**Recorded information:**
┌──
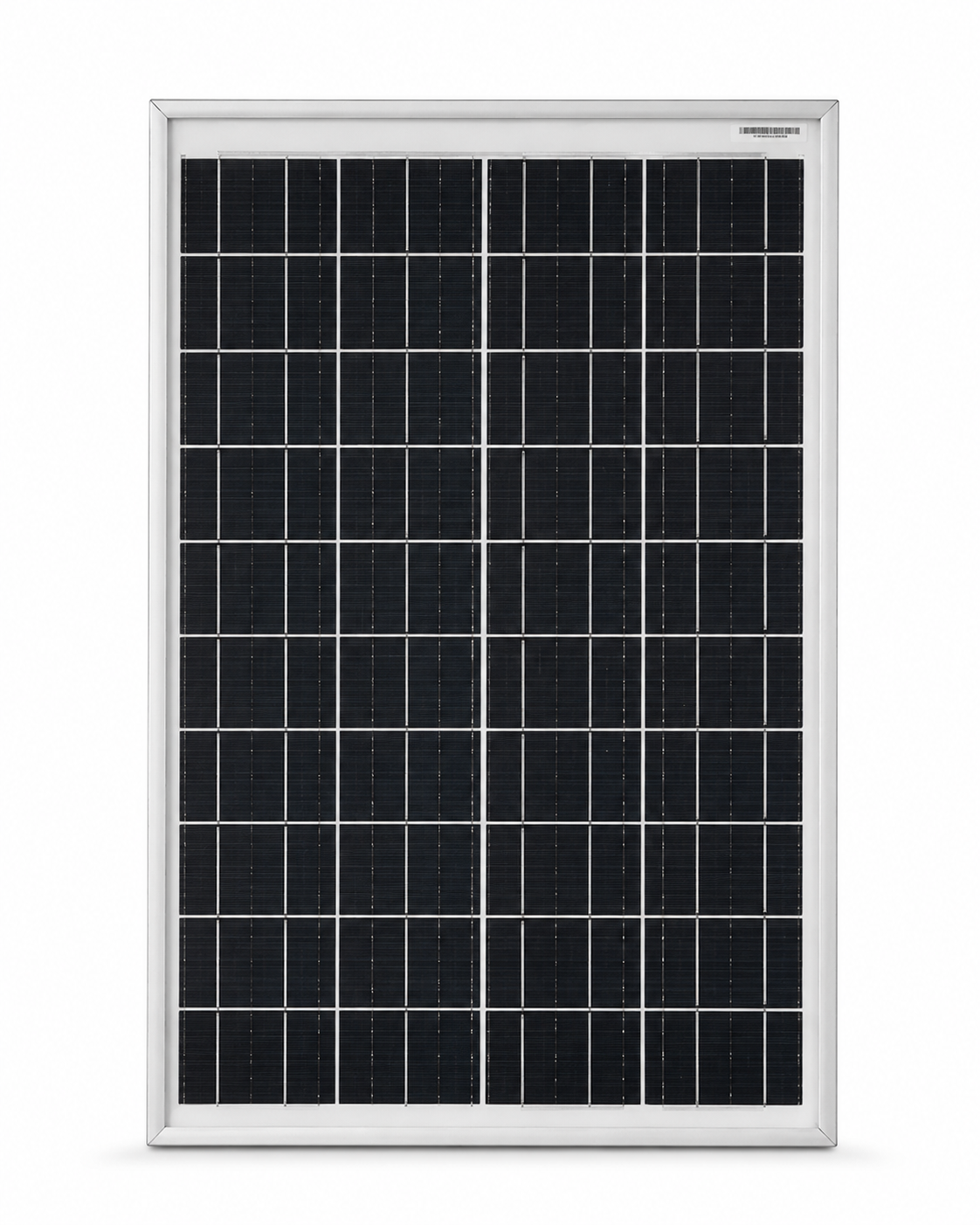 Solar Panel Venta 25W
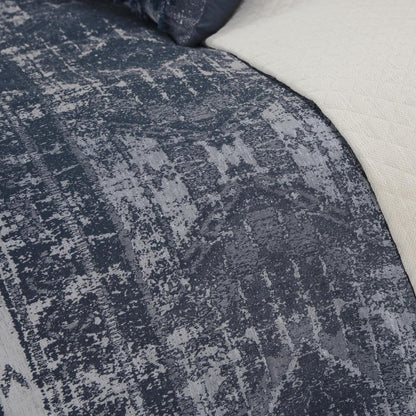 98" x 98" Duvet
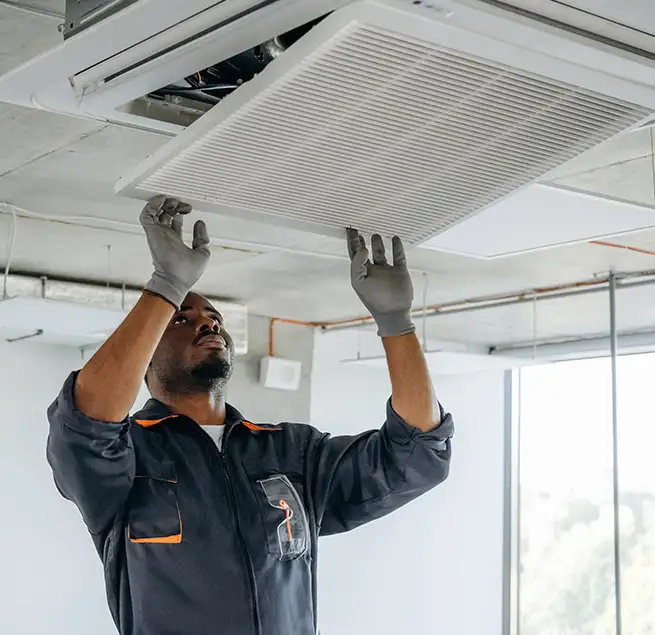  Why Homeowners & Businesses Trust Us in Great Falls, MT?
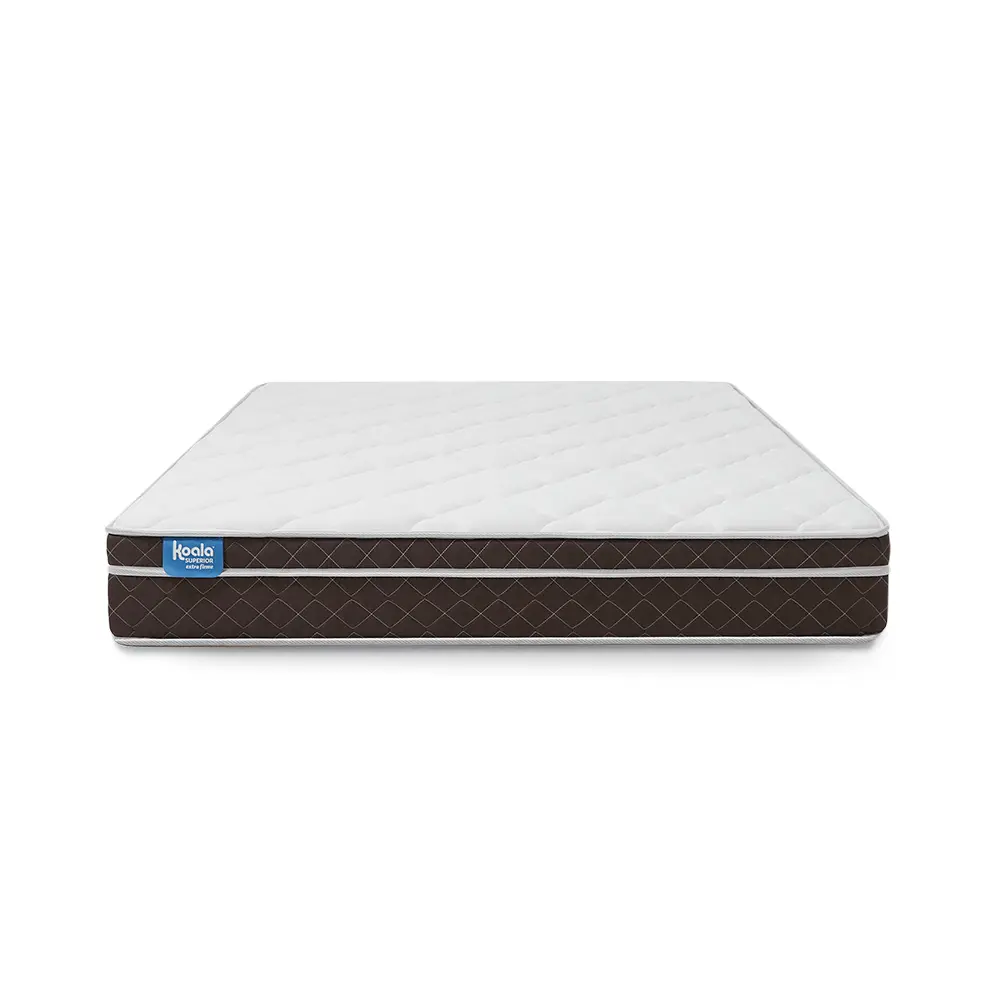 Colchon Koala Superior Extra Firme 180x200 cm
└──
**Task item:** Reproduce, word for word, everything in the listing above except the pictures.

**Output:**
 Solar Panel Venta 25W
 98" x 98" Duvet
  Why Homeowners & Businesses Trust Us in Great Falls, MT?
 Colchon Koala Superior Extra Firme 180x200 cm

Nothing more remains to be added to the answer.